The Daesh terrorist group is "forcibly transferring some
25,000 civilians towards locations in and around Mosul", a
spokeswoman for the UN High Commissioner for Human Rights said on
Tuesday.
"We have reports that in the early hours of yesterday morning,
around 1.00 a.m. ISIL brought dozens of long trucks and mini-buses
to Hamam al-Alil City, south of Mosul, in an attempt to forcibly
transfer some 25,000 civilians towards locations in and around
Mosul," OHCHR spokeswoman Ravina Shamdasani said in a press
conference.
Shamdasani said trucks were prevented from proceeding towards
Mosul due to coalition flights patrolling the area.
"The trucks were forced to return to Hamam al-Alil.

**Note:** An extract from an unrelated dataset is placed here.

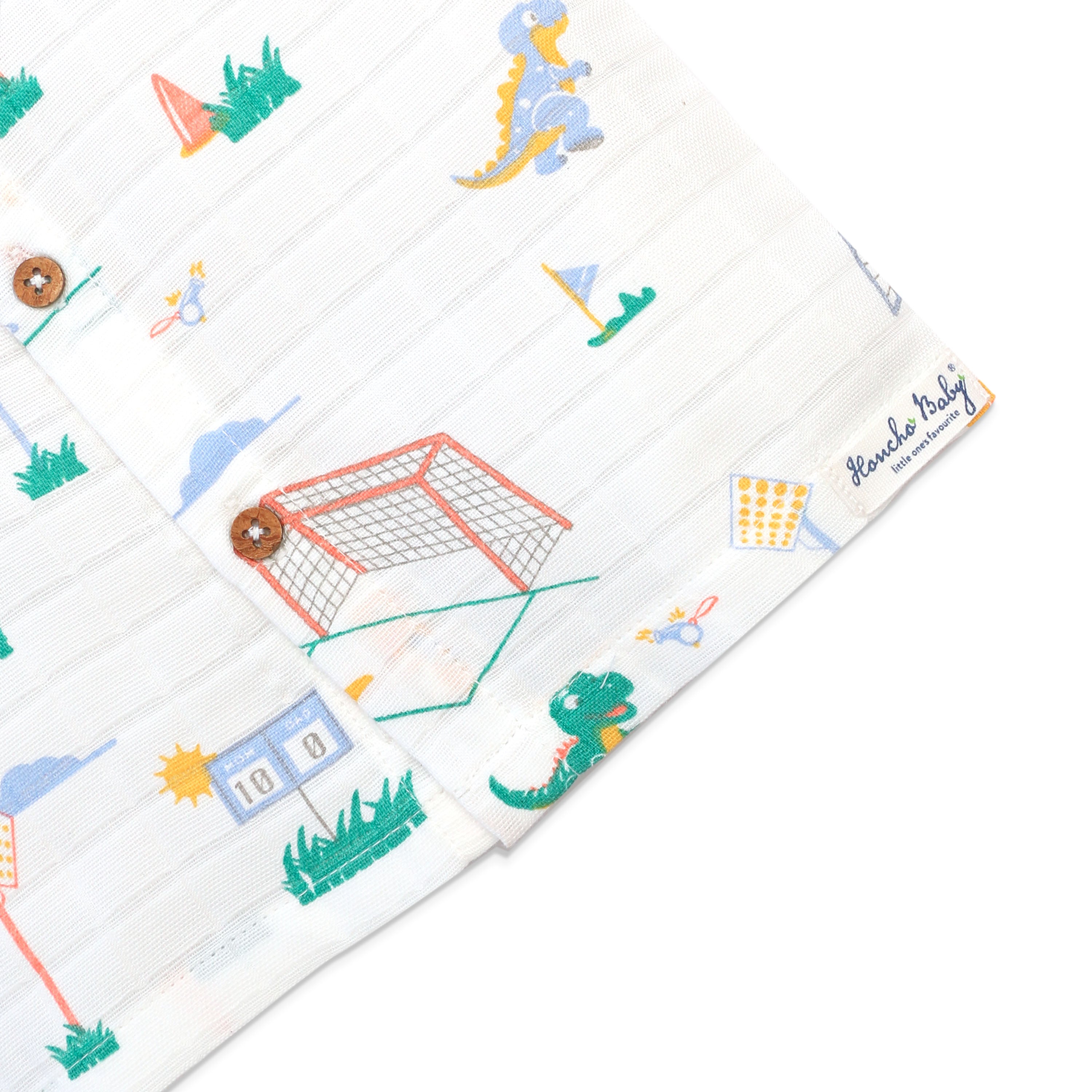 Muslin Half Sleeve Top & Shorts Set (0M – 5Y) Dino & Football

However some
buses did reach Abu Saif, 15 kilometers [9 miles] north of Hamam
al-Alil City," she said, adding that she had "grave concerns for
the safety of these and the tens of thousands of other civilians
who have reportedly been forcibly relocated by ISIL in the past two
weeks."
Shamdasani also said that there had been additional reports of
mass killings by Daesh.
"On Saturday, 40 former Iraqi Security Force soldiers were
killed and their bodies thrown in the Tigris River," she added.

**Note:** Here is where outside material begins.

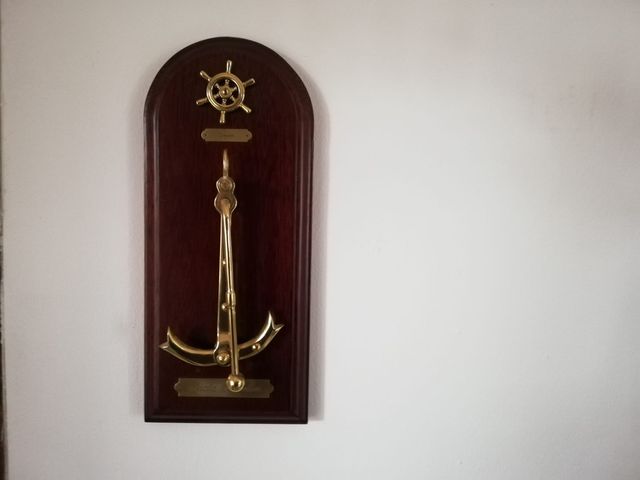 Cuadro marino ancla Crotman y timon .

Shamdasani said these Iraqi soldiers "were reportedly among the
civilians who had been abducted earlier from al-Shura sub-district
of Mosul and from villages surrounding Hamam al-Alil."

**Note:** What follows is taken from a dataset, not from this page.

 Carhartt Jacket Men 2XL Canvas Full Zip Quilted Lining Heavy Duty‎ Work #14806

On Oct. 18, the Iraqi army -- backed by a U.S.-led air coalition
-- began a wide-ranging operation to retake Mosul, Iraq’s
second-largest city and capital of the northern Nineveh
province.
Since then, dozens of Daesh-held villages on the city’s
outskirts have fallen before the army onslaught, although the
terrorist group remains in control of the city.